I think the time and space and perhaps skipping four books in the series may have been a good thing because I thought this book was fun. Yes, it is mostly filler, and still missing that lusty goodness, but I appreciated the funny quips and unending sarcasm even when nothing much at all is going on. Basically Betsy The Vampire Queen wants a genuine wedding to her lover Sinclair The Vampire King. The mysterious “Book of the Dead” proclaims them already married and that’s good enough for Sinclair but Betsy’s still a girl and she wants the whole shebang. He gives her a few million to get it done and then promptly disappears for a good chunk of the book. This leaves Betsy all alone and forces her to make some decisions and find her inner power when a Big Bad enters the picture. Betsy is miffed; she moans and complains (for most of the book) but never got the impression that she was overly bothered by Sinclair’s extended absence. His assistant is the one who fears he might be dead but Betsy doesn't give it a second thought until she is forced to.

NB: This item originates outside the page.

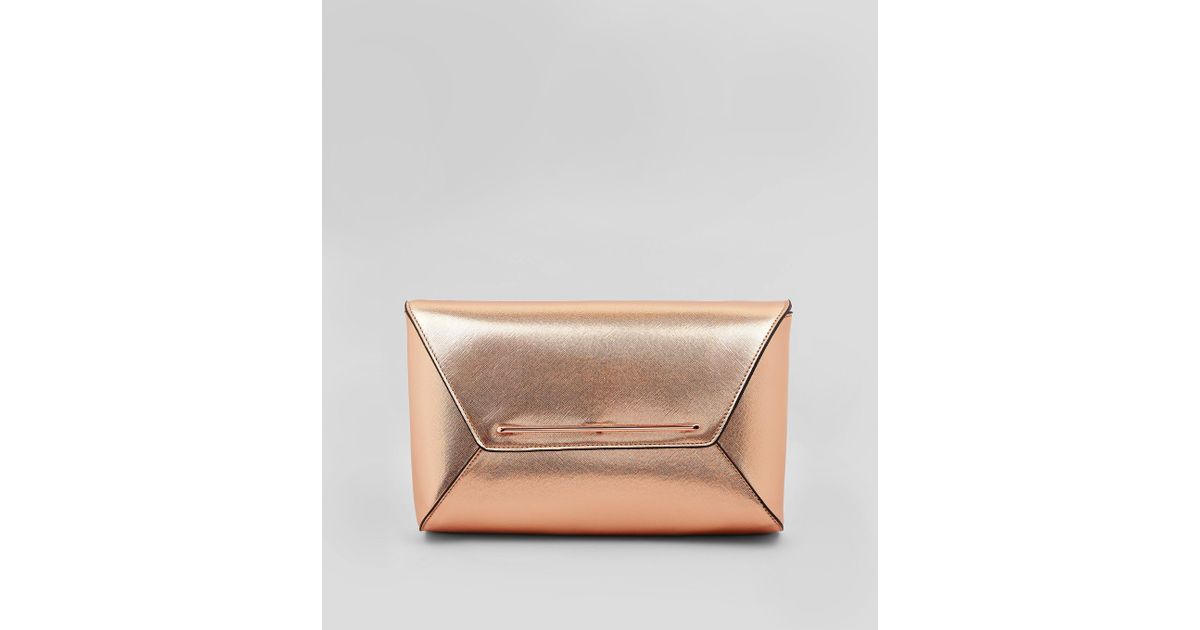 rose gold envelope clutch bag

So what else happens because surely that can’t fill five hours of audio, right? Well, since you asked, here you go. Betsy is saddled with the care of her baby half-brother, all of her live-in friends and hangers-on have gone missing too, and werewolves show up and try to shoot her dead because one of them is missing as well and they blame her. Something fishy is afoot and Becky eventually investigates.
Basically all of the key characters are out of the picture (which is ok for me since I don’t remember most them anyway!) and this book zooms in on Betsy. It’s mostly sexless (boo) but it is funny, silly, mindless fluff and it didn't at all annoy me. It won’t change your life or make you look at the world any differently but it might make you laugh and sometimes that’s better than nothing, right?

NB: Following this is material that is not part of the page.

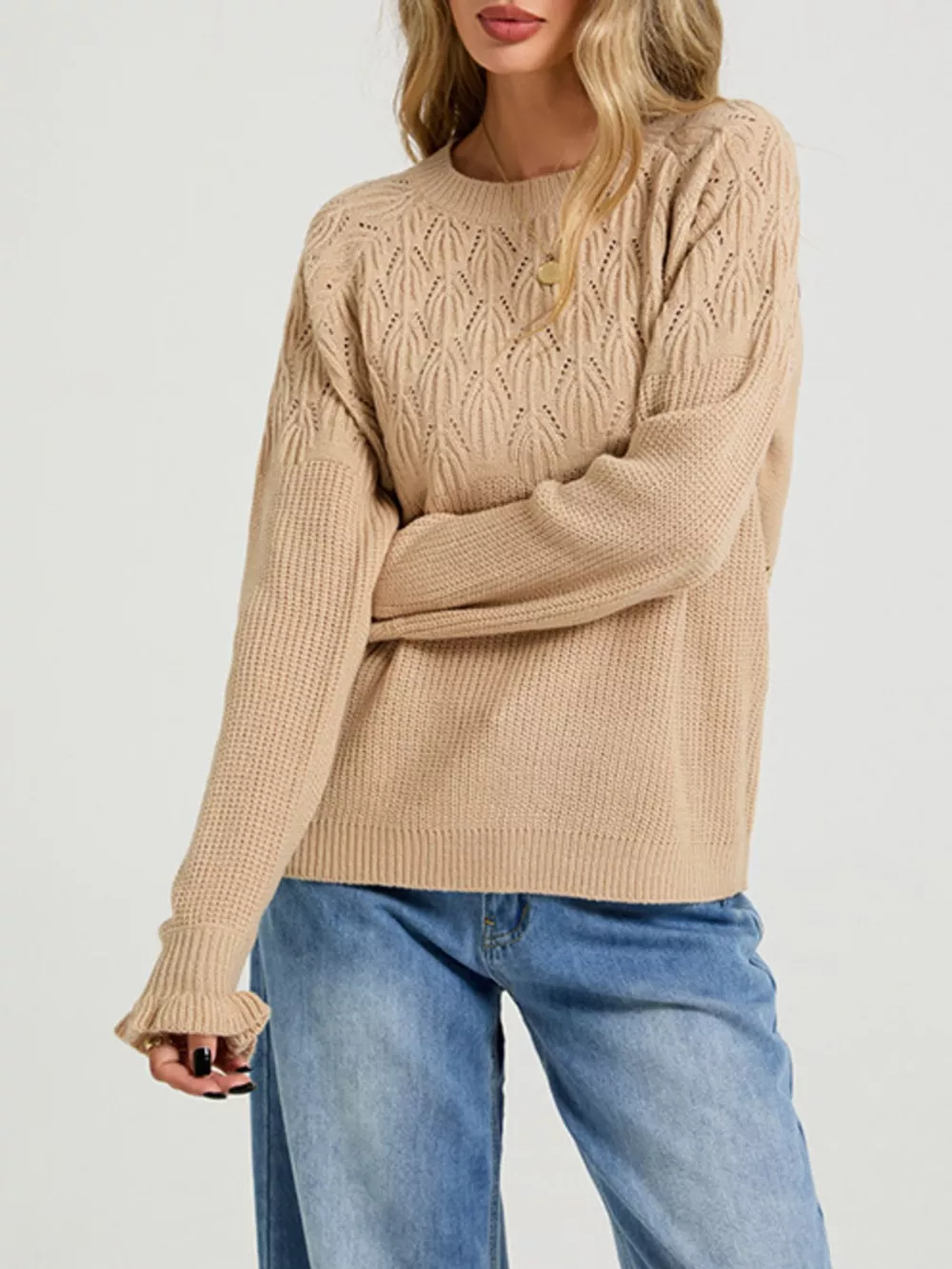 Pointelle Knit Round Neck Sweater, image 3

Here’s a little taste of the twisted humor. If you find this amusing you might want to check the book out or seek help. Whatever works.

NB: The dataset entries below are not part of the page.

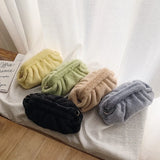 Fur Clutch Envelope Bag Women Handbags Rounded Purses Plush Clutches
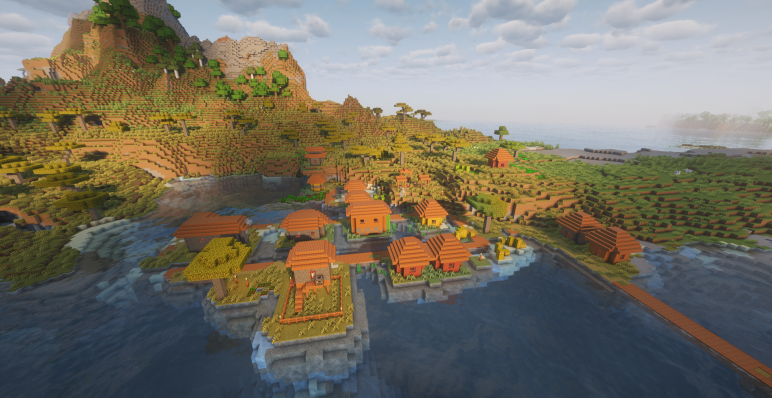 Деревня с домами на воде и на суше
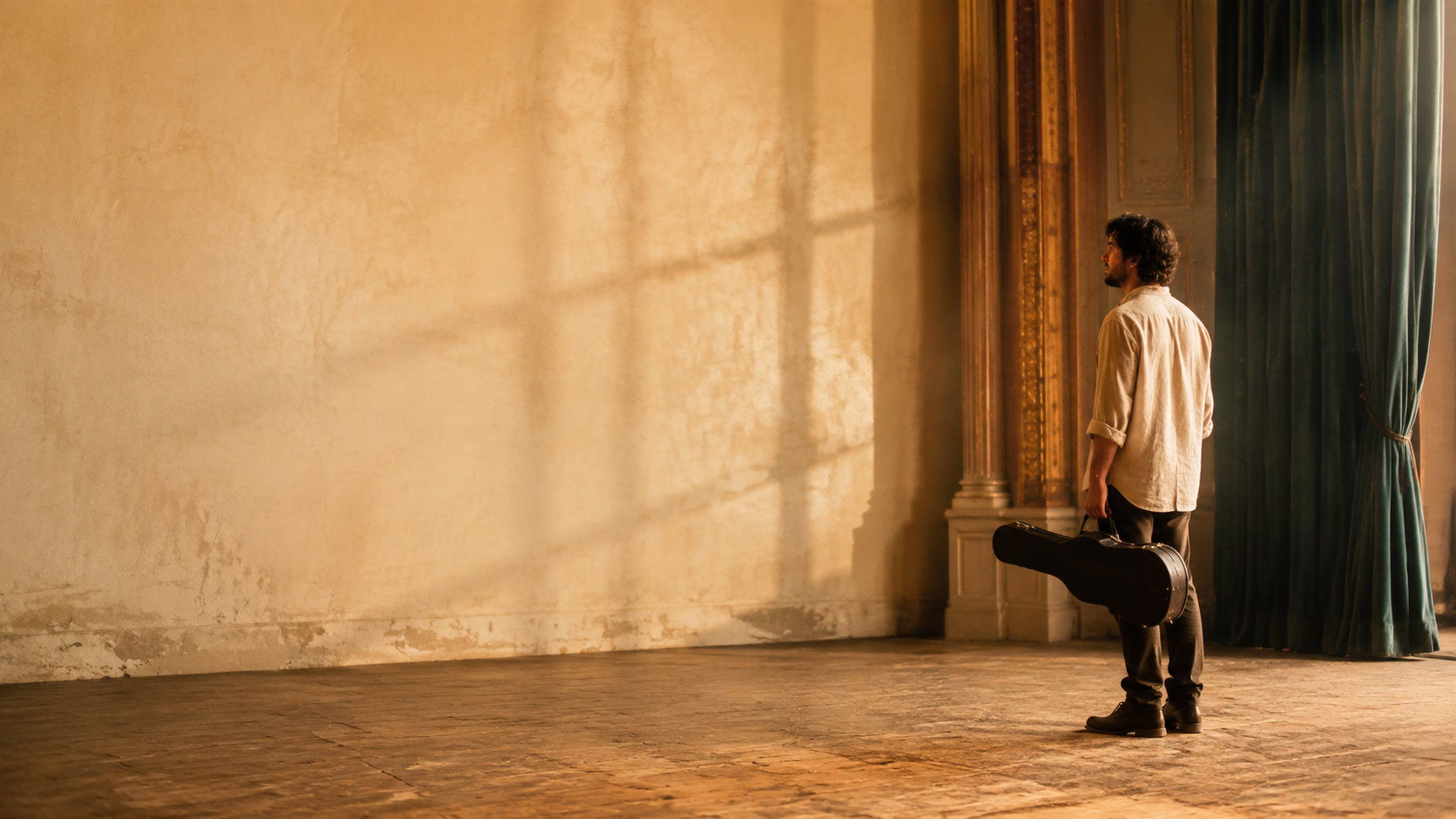 Cena teatral acolhedora com um músico à direita e espaço negativo calmo para inserção posterior de letras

“Garrett would eat his own balls before he’d ever hurt Antonia, and he’d never, never kill her.”
Derik shuddered and covered his eyes. “Must you use phrases that I’ll never get out of my head? Eat his own balls? Who says that?”
Betsy does, LOL. I love how she can squick out a big bad werewolf with only her words.
And just when I was about to doze off, the dialogue and turn of phrase catches me off guard and forces me to keep on listening.
“So you, uh, don’t love me, yeah, I’m getting that.
“Not fucking likely, you blonde leech on legs. I dream about locking you up in a sunny cell.”
I don’t know, maybe it’s my mood but I found this stuff funny. Feel free to join me in my dark little corner of shame over here.
Narration Notes: Nancy Wu has an upbeat voice that’s perky, slightly bratty and truly fits the sarcastic Betsy. Sinclair though? Ugh. He sounds rather snooty instead of alpha whenever he utters his dialogue. Snooty is not sexy. It’s just snooty and a little off-putting. Isn't Sinclair supposed to be sexy with his “big hands, big teeth, big dick”? Or am I remembering him wrong? No matter, he’s hardly in this book anyway.